- _ASSIGNMENT_: Find the line containing "Trần Văn Đức và hung khi gây án", then return it and every line after it through the end of the records, exactly. Leave out pictures.

Web page caption snippets
• • •

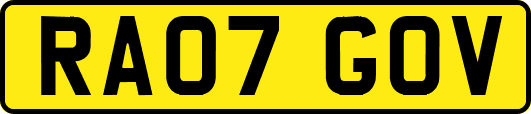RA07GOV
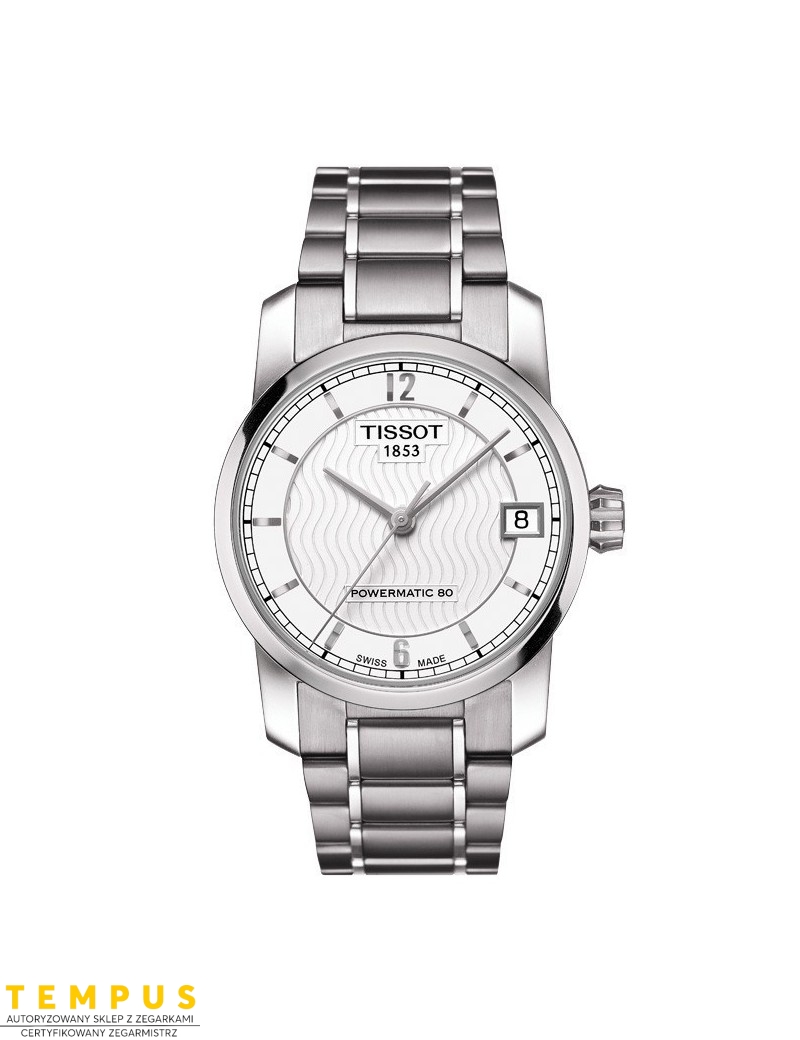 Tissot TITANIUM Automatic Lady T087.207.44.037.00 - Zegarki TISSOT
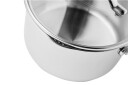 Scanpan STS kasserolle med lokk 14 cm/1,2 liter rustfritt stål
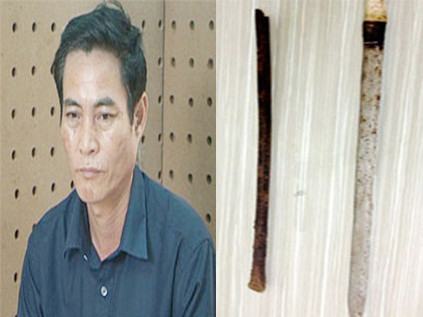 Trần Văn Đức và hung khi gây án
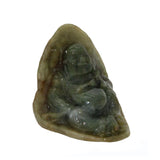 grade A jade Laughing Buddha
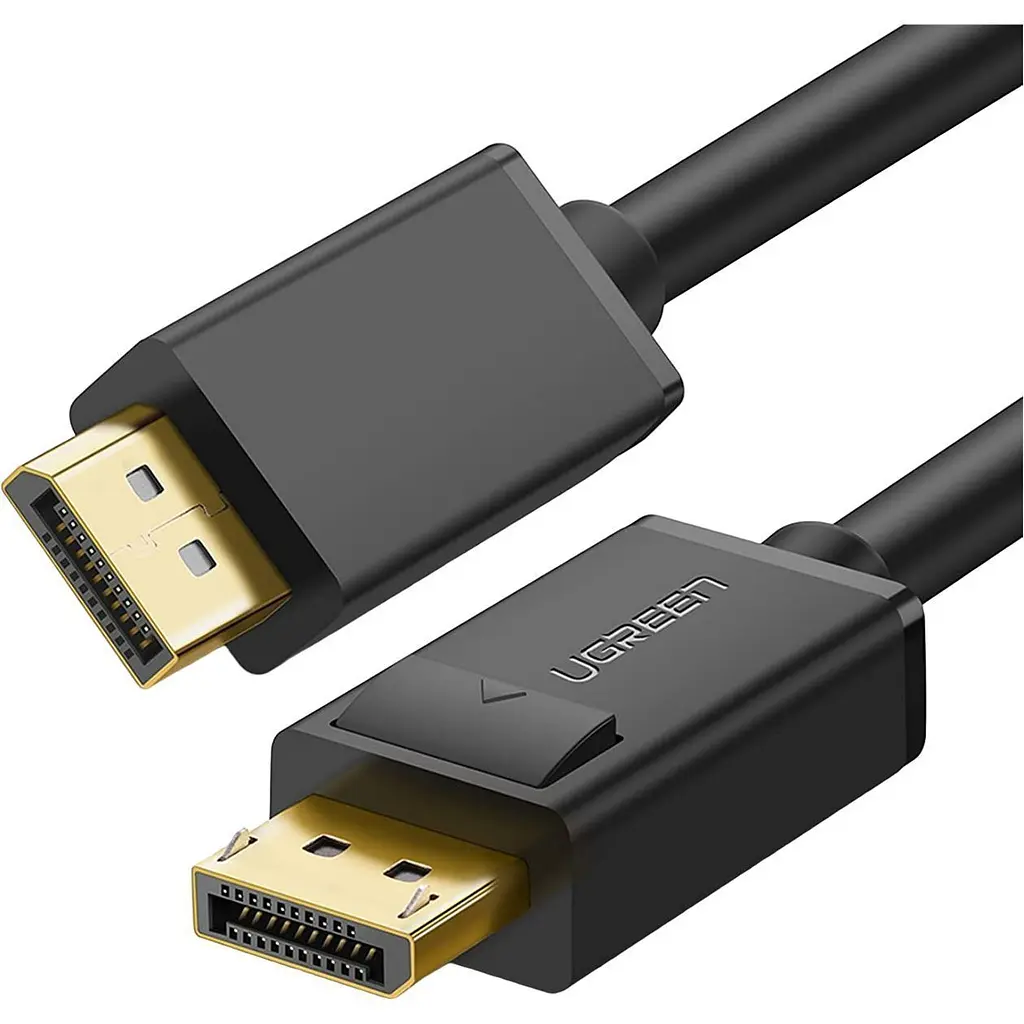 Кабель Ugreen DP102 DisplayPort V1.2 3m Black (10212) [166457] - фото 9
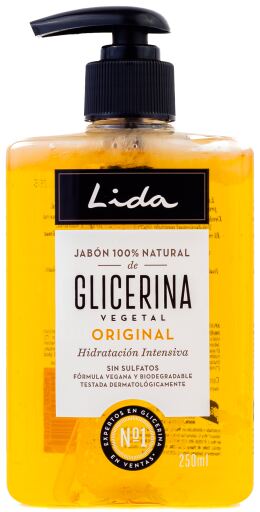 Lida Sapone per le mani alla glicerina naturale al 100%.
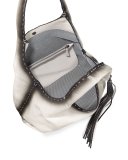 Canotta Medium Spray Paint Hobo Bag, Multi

• • •

- _ANSWER AREA_:
 Trần Văn Đức và hung khi gây án
 grade A jade Laughing Buddha
 Кабель Ugreen DP102 DisplayPort V1.2 3m Black (10212) [166457] - фото 9
 Lida Sapone per le mani alla glicerina naturale al 100%.
 Canotta Medium Spray Paint Hobo Bag, Multi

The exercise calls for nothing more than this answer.